__About this task__.
Starting at the top of the entries, restate word for word each line up to and including the one with "2010 Hyundai Veracruz".

__Data records__.
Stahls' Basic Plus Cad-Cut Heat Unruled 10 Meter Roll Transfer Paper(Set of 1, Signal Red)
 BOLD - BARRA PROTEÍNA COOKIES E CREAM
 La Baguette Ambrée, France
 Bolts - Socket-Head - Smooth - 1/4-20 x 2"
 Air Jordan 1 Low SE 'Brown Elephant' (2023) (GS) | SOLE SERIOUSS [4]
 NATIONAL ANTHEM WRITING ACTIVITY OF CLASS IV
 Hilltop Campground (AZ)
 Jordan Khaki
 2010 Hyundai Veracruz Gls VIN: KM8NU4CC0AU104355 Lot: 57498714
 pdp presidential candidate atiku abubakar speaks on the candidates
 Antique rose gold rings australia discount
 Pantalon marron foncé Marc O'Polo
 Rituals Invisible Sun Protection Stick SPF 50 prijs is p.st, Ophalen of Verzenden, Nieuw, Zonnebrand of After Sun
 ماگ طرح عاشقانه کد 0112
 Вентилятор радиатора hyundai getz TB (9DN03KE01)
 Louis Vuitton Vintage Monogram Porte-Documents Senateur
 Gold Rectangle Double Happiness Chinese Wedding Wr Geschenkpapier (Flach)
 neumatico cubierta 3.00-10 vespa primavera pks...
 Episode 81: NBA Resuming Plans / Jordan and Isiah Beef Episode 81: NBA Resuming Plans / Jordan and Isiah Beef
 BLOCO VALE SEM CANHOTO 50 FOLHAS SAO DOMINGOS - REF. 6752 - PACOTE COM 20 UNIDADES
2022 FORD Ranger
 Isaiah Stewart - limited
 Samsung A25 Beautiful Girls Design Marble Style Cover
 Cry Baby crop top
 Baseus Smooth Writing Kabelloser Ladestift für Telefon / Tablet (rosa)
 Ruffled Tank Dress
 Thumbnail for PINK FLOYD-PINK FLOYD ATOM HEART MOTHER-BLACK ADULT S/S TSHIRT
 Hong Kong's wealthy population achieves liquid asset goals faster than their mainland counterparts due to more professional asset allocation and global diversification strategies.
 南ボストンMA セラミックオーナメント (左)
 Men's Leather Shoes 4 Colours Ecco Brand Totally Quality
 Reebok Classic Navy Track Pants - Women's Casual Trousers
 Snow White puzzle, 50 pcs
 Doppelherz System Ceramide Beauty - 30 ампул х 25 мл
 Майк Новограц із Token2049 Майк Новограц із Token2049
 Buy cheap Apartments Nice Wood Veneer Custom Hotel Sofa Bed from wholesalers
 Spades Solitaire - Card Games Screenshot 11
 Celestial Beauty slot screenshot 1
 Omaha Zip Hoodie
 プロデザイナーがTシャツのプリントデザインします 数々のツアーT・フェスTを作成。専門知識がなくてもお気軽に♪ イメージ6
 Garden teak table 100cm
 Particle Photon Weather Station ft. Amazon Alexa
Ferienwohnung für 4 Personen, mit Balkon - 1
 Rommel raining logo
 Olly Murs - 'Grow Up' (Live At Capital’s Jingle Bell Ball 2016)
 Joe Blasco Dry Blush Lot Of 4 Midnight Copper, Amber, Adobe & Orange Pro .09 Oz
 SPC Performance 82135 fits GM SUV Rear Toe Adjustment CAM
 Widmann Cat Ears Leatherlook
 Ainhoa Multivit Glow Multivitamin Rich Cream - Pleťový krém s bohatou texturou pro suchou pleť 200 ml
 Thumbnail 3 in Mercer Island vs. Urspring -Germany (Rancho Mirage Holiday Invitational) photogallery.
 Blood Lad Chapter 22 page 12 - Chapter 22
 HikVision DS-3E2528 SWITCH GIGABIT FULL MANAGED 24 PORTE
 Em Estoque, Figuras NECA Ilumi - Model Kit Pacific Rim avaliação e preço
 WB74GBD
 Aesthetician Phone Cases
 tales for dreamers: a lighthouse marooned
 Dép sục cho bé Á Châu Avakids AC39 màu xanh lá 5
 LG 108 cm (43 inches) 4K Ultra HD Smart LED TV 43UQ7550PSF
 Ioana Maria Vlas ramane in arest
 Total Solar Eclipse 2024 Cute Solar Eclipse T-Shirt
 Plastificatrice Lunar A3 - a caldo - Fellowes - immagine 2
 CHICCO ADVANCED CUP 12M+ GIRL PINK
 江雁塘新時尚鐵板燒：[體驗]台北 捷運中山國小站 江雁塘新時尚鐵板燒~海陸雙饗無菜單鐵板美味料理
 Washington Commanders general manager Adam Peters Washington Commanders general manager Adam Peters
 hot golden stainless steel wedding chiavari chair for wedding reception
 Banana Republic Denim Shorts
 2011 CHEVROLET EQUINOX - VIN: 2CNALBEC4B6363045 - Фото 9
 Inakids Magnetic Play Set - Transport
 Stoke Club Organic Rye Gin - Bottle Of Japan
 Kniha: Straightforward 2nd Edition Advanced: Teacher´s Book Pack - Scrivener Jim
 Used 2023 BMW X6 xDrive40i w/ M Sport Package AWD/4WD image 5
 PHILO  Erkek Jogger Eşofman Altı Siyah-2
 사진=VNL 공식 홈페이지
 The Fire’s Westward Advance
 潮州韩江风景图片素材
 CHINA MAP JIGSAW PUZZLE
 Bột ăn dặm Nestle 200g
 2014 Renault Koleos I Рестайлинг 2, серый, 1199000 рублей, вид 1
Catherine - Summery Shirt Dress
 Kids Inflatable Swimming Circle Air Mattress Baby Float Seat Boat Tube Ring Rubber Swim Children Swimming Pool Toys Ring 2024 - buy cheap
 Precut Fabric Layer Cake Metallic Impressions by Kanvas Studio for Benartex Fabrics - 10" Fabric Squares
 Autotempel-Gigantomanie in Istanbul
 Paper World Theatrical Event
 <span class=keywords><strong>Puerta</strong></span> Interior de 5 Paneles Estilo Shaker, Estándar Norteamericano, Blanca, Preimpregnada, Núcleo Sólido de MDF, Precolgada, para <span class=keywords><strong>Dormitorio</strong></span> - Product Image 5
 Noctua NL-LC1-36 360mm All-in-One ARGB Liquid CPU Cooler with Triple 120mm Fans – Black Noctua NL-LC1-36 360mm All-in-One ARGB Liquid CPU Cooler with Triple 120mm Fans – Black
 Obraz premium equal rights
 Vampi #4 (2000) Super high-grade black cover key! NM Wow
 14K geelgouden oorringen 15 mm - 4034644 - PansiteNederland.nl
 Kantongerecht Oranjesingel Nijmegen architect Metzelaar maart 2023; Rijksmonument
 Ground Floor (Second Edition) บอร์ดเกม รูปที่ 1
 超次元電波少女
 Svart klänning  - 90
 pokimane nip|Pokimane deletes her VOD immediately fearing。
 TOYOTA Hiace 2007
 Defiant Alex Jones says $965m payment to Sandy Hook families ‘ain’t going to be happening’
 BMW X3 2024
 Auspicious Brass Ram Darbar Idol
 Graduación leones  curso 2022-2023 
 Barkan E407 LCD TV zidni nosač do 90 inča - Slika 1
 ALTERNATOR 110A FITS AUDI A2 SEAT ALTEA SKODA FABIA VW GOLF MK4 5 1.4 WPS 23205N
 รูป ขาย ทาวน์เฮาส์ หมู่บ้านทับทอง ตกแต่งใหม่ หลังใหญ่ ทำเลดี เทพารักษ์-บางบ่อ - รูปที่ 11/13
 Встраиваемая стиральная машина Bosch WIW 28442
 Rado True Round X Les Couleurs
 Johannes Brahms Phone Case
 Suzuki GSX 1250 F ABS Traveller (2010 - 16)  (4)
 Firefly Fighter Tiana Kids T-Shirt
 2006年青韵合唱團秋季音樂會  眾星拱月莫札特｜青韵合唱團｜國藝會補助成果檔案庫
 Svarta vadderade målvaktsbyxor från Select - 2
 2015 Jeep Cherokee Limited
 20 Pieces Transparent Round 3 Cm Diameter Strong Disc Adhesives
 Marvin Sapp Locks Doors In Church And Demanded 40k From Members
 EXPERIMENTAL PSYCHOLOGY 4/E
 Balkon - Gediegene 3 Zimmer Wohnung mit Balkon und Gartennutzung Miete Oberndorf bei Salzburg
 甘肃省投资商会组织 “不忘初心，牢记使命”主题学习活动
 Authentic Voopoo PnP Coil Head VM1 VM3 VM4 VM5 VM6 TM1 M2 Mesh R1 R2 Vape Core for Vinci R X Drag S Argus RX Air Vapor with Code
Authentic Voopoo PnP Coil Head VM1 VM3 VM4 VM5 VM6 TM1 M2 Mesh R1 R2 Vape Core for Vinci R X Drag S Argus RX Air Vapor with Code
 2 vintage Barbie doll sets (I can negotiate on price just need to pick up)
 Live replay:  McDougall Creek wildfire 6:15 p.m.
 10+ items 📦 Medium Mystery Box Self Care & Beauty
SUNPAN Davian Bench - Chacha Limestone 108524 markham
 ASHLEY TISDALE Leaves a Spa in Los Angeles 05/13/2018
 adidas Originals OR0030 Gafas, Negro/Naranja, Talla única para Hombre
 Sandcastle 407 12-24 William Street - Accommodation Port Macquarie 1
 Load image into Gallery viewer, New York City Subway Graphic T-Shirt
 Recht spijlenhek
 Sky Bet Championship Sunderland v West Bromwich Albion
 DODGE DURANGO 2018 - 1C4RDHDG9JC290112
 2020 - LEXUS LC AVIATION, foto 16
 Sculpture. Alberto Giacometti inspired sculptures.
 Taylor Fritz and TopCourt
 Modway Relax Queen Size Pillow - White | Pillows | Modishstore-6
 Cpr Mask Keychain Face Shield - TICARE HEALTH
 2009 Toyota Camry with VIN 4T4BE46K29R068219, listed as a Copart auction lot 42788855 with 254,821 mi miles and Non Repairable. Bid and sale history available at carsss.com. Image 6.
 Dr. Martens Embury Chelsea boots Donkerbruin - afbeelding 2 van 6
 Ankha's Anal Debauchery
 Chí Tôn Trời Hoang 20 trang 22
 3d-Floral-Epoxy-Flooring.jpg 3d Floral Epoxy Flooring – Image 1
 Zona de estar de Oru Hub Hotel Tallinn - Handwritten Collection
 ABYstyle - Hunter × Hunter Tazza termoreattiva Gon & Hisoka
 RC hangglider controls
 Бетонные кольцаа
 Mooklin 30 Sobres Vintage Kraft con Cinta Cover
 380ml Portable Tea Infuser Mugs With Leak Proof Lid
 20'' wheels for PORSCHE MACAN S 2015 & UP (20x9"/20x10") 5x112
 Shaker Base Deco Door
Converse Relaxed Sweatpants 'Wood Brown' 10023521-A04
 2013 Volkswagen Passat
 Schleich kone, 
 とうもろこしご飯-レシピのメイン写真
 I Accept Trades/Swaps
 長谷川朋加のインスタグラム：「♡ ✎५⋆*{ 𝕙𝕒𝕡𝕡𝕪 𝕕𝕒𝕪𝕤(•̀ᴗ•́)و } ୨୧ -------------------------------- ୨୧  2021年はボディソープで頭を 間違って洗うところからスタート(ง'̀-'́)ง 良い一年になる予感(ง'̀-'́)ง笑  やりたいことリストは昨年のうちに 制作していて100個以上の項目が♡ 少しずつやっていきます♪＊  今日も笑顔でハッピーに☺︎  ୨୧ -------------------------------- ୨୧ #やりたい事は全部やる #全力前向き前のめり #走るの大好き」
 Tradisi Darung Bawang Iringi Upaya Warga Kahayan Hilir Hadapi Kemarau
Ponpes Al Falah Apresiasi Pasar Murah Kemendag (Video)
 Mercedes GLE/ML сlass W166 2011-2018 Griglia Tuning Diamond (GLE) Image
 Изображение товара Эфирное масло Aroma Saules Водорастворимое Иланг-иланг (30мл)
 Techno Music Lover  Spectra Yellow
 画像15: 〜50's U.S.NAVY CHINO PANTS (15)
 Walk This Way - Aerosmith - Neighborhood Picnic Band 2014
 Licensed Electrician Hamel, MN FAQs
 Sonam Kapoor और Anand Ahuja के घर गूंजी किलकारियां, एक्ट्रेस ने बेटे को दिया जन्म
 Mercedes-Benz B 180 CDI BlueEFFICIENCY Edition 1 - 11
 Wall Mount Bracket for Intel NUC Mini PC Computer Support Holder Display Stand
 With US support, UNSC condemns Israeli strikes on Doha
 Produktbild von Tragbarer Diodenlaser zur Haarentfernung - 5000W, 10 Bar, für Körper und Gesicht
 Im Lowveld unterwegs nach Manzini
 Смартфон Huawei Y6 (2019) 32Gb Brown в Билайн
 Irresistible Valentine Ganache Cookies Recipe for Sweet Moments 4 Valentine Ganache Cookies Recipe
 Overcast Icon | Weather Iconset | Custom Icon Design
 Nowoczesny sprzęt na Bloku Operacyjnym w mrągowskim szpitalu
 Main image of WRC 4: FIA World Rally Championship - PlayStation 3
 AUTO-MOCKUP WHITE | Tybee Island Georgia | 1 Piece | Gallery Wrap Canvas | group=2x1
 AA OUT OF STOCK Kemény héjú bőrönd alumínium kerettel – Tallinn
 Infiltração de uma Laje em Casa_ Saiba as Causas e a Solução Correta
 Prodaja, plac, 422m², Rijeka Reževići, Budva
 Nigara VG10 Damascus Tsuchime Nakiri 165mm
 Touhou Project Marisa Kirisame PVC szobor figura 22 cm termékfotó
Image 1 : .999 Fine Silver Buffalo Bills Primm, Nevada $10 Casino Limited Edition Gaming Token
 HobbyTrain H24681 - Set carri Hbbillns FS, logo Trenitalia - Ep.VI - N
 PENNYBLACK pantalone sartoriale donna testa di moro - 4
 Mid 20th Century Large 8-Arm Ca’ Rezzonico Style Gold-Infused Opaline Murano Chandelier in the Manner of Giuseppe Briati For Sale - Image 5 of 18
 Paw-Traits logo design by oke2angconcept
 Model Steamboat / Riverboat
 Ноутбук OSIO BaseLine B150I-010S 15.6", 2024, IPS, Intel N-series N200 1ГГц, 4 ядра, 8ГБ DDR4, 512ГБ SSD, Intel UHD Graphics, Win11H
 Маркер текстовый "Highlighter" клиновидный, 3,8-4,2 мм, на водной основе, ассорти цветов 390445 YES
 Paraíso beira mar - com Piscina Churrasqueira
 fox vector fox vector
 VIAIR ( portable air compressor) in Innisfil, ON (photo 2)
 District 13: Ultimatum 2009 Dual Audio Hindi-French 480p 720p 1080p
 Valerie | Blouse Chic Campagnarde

__Answer space__.
Stahls' Basic Plus Cad-Cut Heat Unruled 10 Meter Roll Transfer Paper(Set of 1, Signal Red)
 BOLD - BARRA PROTEÍNA COOKIES E CREAM
 La Baguette Ambrée, France
 Bolts - Socket-Head - Smooth - 1/4-20 x 2"
 Air Jordan 1 Low SE 'Brown Elephant' (2023) (GS) | SOLE SERIOUSS [4]
 NATIONAL ANTHEM WRITING ACTIVITY OF CLASS IV
 Hilltop Campground (AZ)
 Jordan Khaki
 2010 Hyundai Veracruz Gls VIN: KM8NU4CC0AU104355 Lot: 57498714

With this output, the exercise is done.